It is also customary for companies to fix certain legal, moral and behavioural obligations on celebrities during the term of CEAs, to secure their interests. Such obligations include compliance with the Code and applicable laws, maintaining confidentiality of the terms of the CEA and adhering to specific exclusivity conditions. Besides these obligations, a CEA generally restricts a celebrity from endorsing third-party products which are prohibited by the law (for instance, tobacco), making defamatory statements affecting the company and participating in any activities that are incompatible with the endorsed brand’s image.
- Evaluate the cool-off mechanism mindfully:
The cool-off period ordinarily refers to a time frame, post the termination or expiry of the CEA, within which the company must remove all the advertising materials featuring the celebrity. CEAs generally stipulate that if any advertising material is found in the public domain post the cool-off period, the company will become liable for a breach of the CEA. Given the fast-paced and ubiquitous dissemination of advertisements, particularly in digital media, companies must attempt to keep the cool-off period as long as possible, to ensure that they have enough time to fulfil their advertisement removal obligations.
- Ensure that the company’s intellectual property and creative rights are secured:
The effective securing of intellectual property rights under the CEA is foundational to the company’s right to use the advertising material featuring the celebrity effectively. The CEA must clarify that all the intellectual property rights (including copyright) in the advertising material (including photographs, scripts etc.), in all forms of media, will vest with the company. Likewise, the company should be explicitly authorised in the CEA to use the celebrity’s image (including her name, voice etc.) for the purpose of the endorsement. Express rights to translate, dub, adapt and edit the advertising material should also be vested in the company.
While it is fair for the celebrity to be granted some degree of oversight over the advertising material, the CEA should specify that the final creative control over such material will lie with the company. Moreover, where the celebrity is granted approval rights over the advertisement material, it is imperative to stipulate a time period within which such approval should be given by her, in order to prevent unwarranted delays in releasing the advertising material.

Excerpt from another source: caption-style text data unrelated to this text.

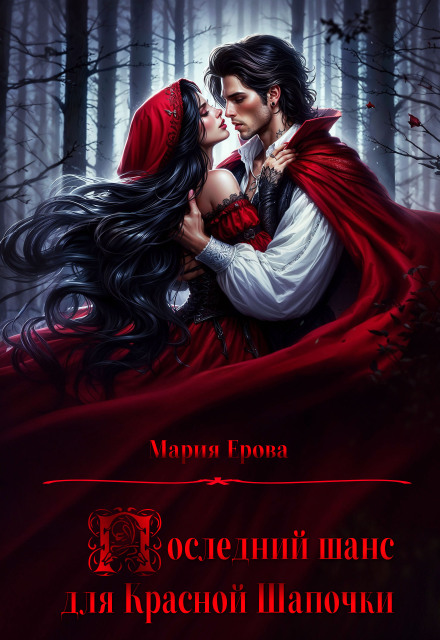 Последний шанс для Красной Шапочки Мария Ерова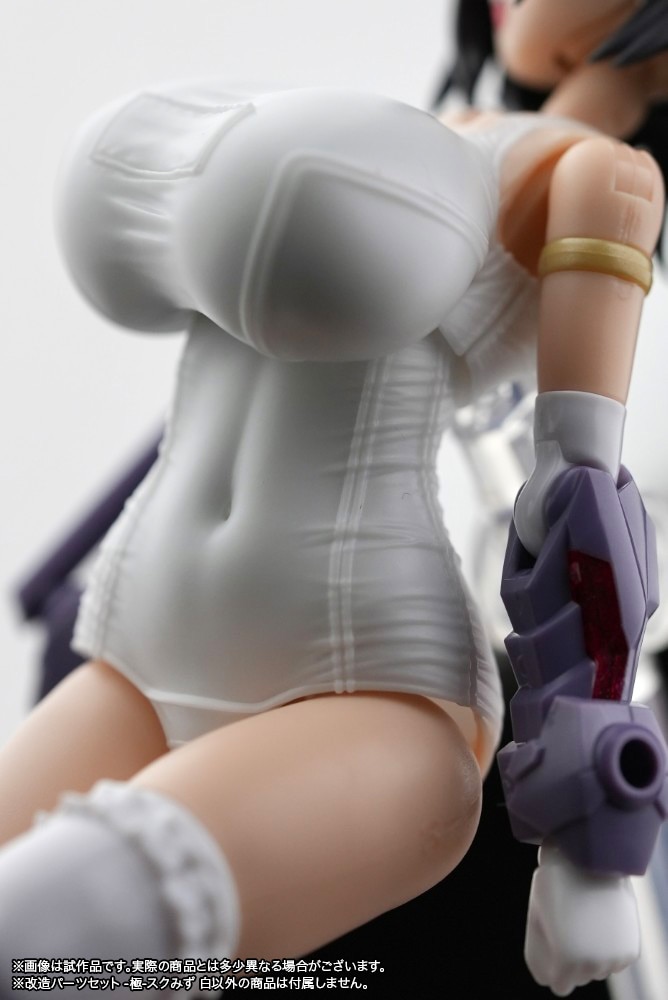 フレームアームズ・ガール 改造パーツセット マガツキ・ドゥルガー用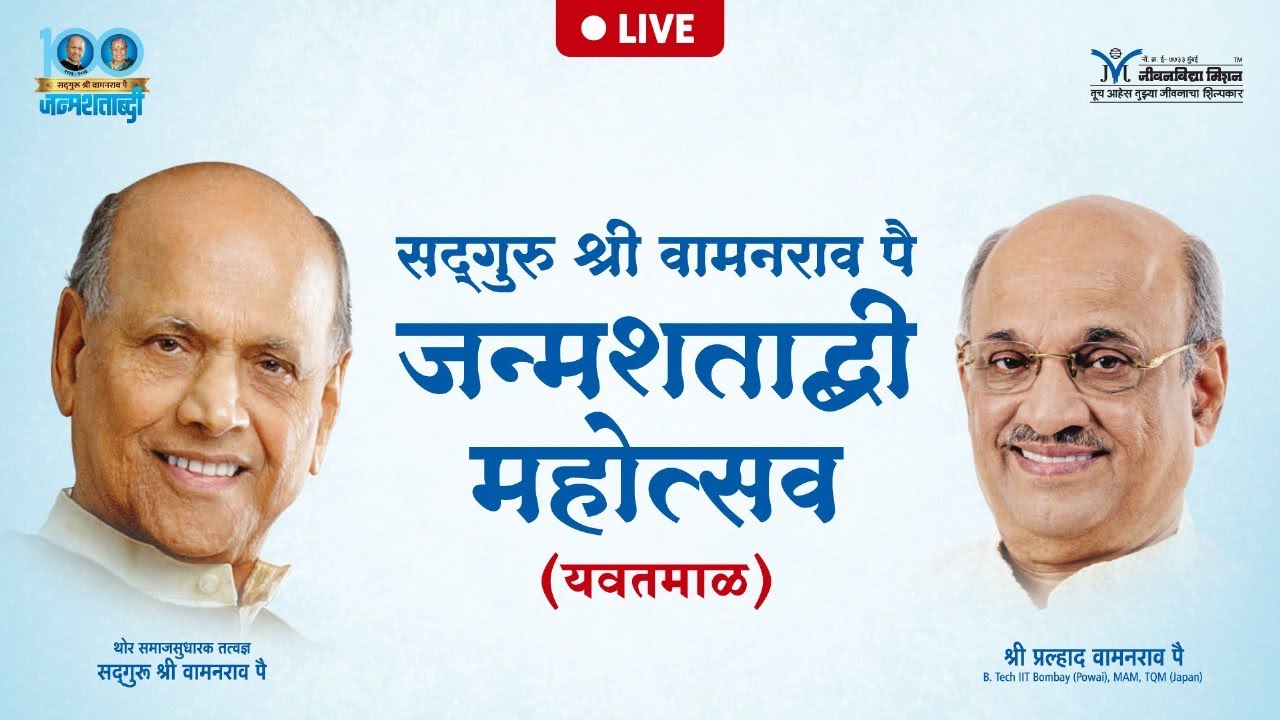 Satguru Shri Wamanrao Pai JanmaShatabdi Mahotsav (Yavatmal) | 28th Jan 2024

- Account for unforeseen circumstances which could affect the endorsement:
A CEA generally, and justifiably, contains a clause excusing a celebrity from performing her obligations during the period of any illness or physical incapacity that she may suffer. It is typical for companies to stipulate in the CEA that upon the cessation of such illness or incapacity, the celebrity shall accord priority to the company’s work. If the illness or incapacity lasts for more than a specified period in the CEA, the company is usually accorded the right to terminate or extend the term of the CEA.
Similarly, it is crucial to incorporate a clause to account for force majeure events i.e. events beyond the control of parties, such as natural disasters. In such cases, parties are typically excused from the performance of their obligations under the agreement for the duration of the force majeure event. A right to terminate the CEA is generally conferred on the parties, in case the force majeure event continues beyond the period mentioned in the CEA.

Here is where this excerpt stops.